■ **EXERCISE PROMPT**: Span requested from the data below: the line with "ĳٱ Rhoda ĵ Ʈ ٿе GF288781-1" through the line with "X0000071351295200607071714", both included. Give only these lines again, exactly, and leave every picture out.

■ **DATASET EXTRACT**:
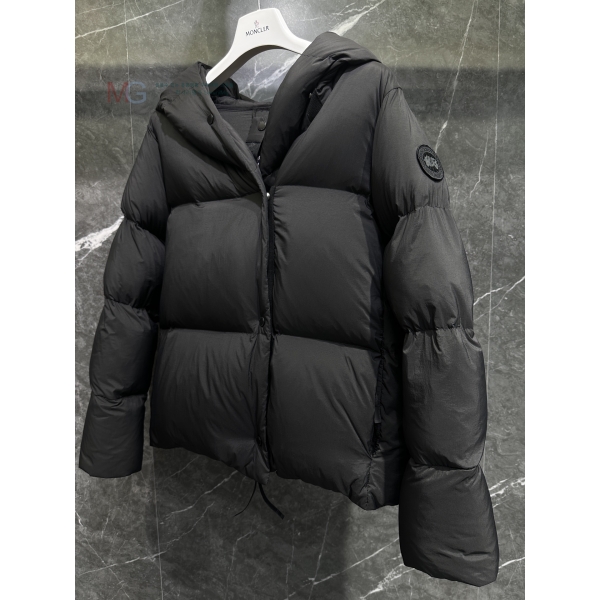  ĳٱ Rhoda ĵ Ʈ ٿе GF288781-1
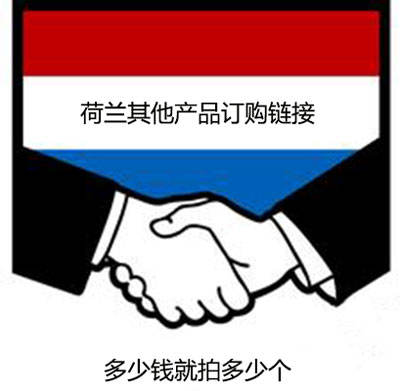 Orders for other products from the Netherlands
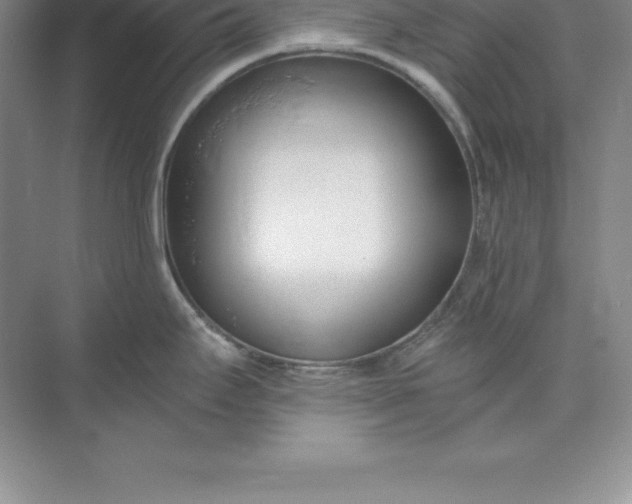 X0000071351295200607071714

...

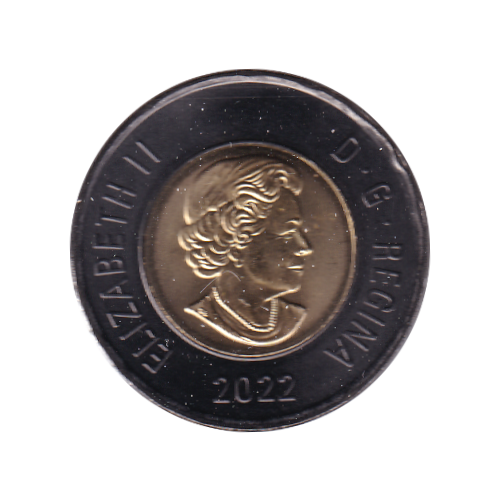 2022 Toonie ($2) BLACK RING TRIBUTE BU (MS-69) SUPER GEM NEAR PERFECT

--

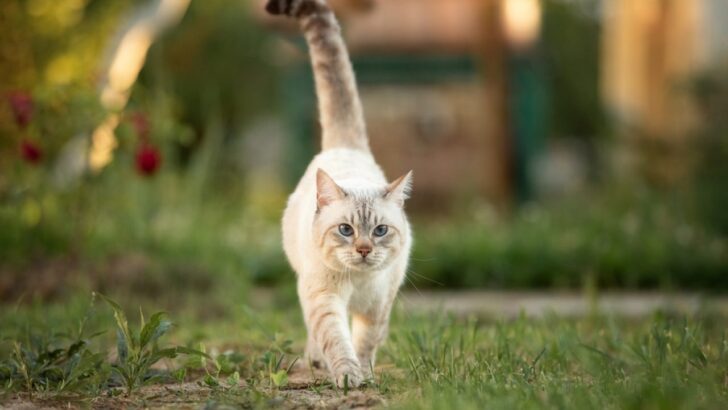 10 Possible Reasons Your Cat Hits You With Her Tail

■ **YOUR SOLUTION**:
  ĳٱ Rhoda ĵ Ʈ ٿе GF288781-1
 Orders for other products from the Netherlands
 X0000071351295200607071714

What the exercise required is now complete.